» **Activity**
Quote, word for word, every line starting at the line that contains "The medieval Church" and ending with the last line of the records; include both of these lines and no others.

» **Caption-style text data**

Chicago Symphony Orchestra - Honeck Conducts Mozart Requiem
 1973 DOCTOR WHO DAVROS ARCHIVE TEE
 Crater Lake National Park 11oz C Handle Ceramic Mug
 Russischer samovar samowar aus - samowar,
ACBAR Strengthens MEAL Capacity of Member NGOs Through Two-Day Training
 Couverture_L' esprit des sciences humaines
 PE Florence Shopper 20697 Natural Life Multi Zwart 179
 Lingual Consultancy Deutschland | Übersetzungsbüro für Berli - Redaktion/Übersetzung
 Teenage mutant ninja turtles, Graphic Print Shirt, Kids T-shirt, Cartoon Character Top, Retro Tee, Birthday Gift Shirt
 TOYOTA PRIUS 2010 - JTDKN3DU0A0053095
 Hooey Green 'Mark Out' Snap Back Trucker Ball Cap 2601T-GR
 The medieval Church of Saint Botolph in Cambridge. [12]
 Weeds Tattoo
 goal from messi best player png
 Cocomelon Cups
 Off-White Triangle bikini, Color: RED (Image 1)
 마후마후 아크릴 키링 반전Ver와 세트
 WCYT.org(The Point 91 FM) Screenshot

» **Expected answer**
 The medieval Church of Saint Botolph in Cambridge. [12]
 Weeds Tattoo
 goal from messi best player png
 Cocomelon Cups
 Off-White Triangle bikini, Color: RED (Image 1)
 마후마후 아크릴 키링 반전Ver와 세트
 WCYT.org(The Point 91 FM) Screenshot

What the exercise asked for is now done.